Viele Halter haben Probleme mit Mäusen im Kaninchengehege. Foto: 3268zauber

Gerade im Herbst und Winter haben viele Halter mit Mäusen oder sogar Ratten zu kämpfen, besonders Tierheime, Notstationen & Co. oder auch Halter vieler Tiere haben oft ein hartnäckiges Mäuseproblem.

Wir hatten selbst schon einmal vor vielen Jahren ein Rattenproblem, das durch einen Trick schnell erledigt war. Dabei wollten wir nicht mit Gift vorgehen, so wie es in vielen Tierheimen und Zoos verbreitet ist.

Ebenfalls hatten wir auch schon einmal mit der Ansiedlung von Mäusen zu kämpfen, mit dem gleichen Trick waren diese aber auch schnell wieder verschwunden.

Welche Möglichkeiten, Mäuse zu bekämpfen, sind bekannt?

Gift

Eine einfache Möglichkeit, Mäuse zu bekämpfen, ist der Einsatz von Schädlingsbekämpfungsmitteln, allerdings ist dieser weder tiergerecht, noch von Dauer: Die Mäuse kommen in der Regel immer wieder und müssen mehrmals im Jahr erneut vergiftet werden.

meerschweinchen-kaninchenMeerschweinchen gegen Ratten und Mäuse?

Immer wieder hört man, dass Meerschweinchen Ratten und Mäuse fernhalten sollen, das ist jedoch ein Mythos und funktioniert in der Praxis nicht!

Mäusesicheres Gehege

Durch mäusesicheren Draht können Mäuse ferngehalten werden, vor ausgewachsenen Mäusen ist jeder Volierenraht mit bis zu 0,8 mm Maschenweite sicher. Da diese Gitter jedoch meistens dünner als 1 mm sind, sind sie wiederum nicht kaninchensicher! Der Draht muss also zusätzlich über den mardersicheren/kaninchensicheren Draht angebracht werden. Wenn auch Jungtiere ferngehalten werden sollen, sollte der Volierendraht bis zu 0,65mm Gitterabstand aufweisen. Bedenken Sie, dass Mäuse meistens irgendwie einen Durchschlupf finden, z.B. wenn die Türe offen steht, oder sie buddeln sich unterirdisch durch, knabbern sich eine Ritze oder finden doch einen Durchschlupf, deshalb ist diese Methode nicht immer erfolgsversprechend und auch relativ teuer und aufwändig.

Einfangen/Mäuse-Fallen

In mäusesicheren Gehegen können ggf. Mäuse mit Lebendfallen gefangen und andernorts ausgesetzt werden. Ist das Gehege nicht mäusesicher, macht das Einfangen wenig Sinn.

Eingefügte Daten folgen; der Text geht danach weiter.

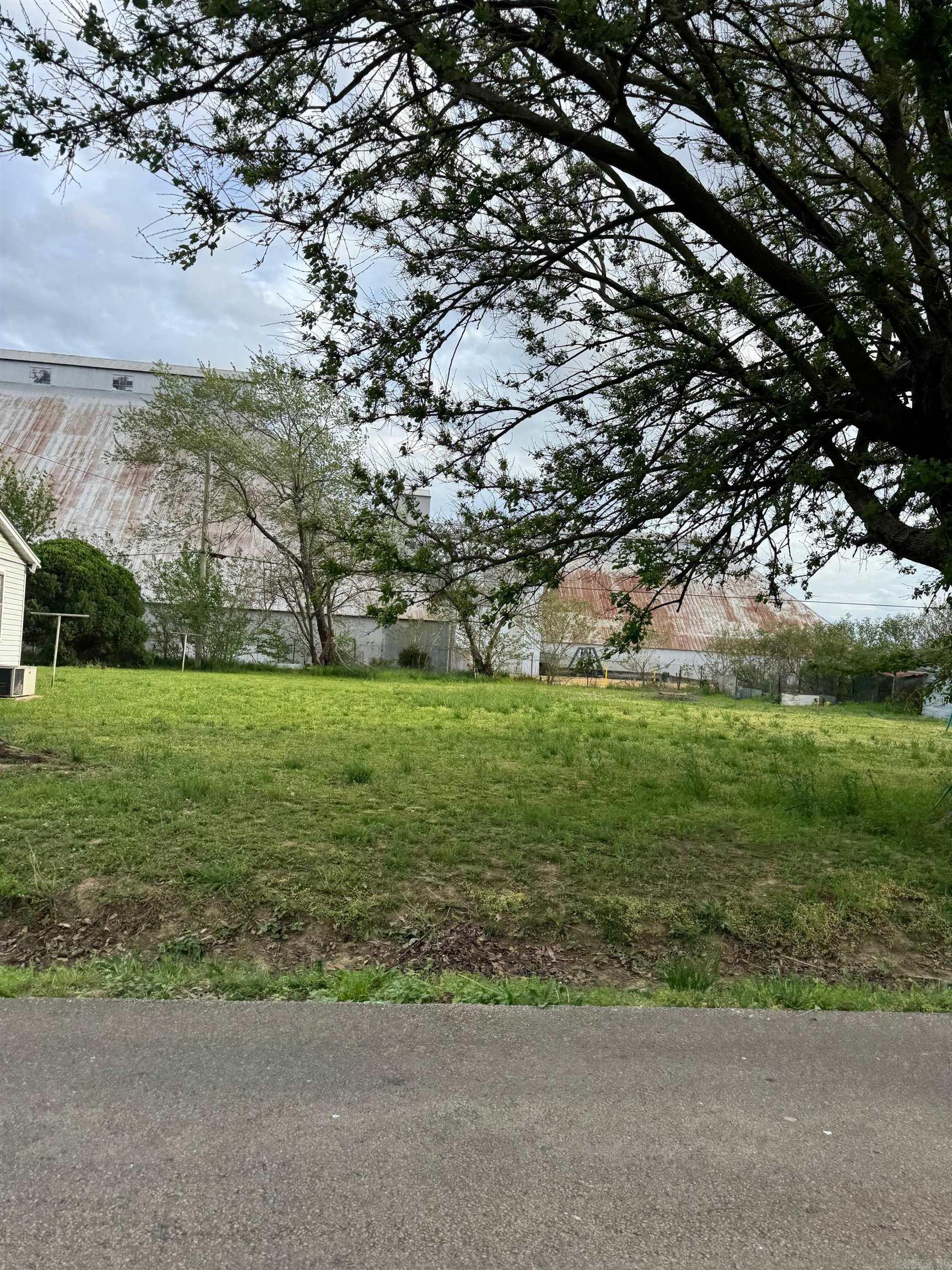 45 Bradley Lots 4 and 5  Kennett, MO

Entzug der Nahrungsgrundlage

saatenDer erfolgreichste Weg, Mäuse und Ratten loszuwerden, ist der Nahrungsentzug. Mäuse und Ratten lieben Körner und Trockenfutter, deshalb sollte jedes Fertigfutter und Saaten entfernt werden. Zwar essen Mäuse und Ratten auch Gemüse, aber es zieht sie nicht an und ist nur Beikost.
Da Mäuse auch Behältnisse aus Plastik oder Holz durchfressen, sollte das Futter in Metall-Behältnissen oder im Haus gelagert werden. Denken Sie daran, jegliches Futter aus dem Garten zu entfernen.
Füttern Sie das Futter nur in solchen Mengen, dass es direkt gefressen wird, während sie dabei sind. Am besten gibt man es aus der Hand oder setzt sich daneben. Geben Sie keinesfalls solche Mengen, dass es unbeaufsichtigt herumsteht.
Durch diesen einfachen Trick stoppt man die Massenvermehrung und die Tiere ziehen sehr schnell um und suchen sich andere Nahrungsgrundlagen.
Wir sind sowohl Mäuse, als auch Ratten erfolgreich los geworden.

Sind Mäuse oder Ratten gefährlich für Kaninchen?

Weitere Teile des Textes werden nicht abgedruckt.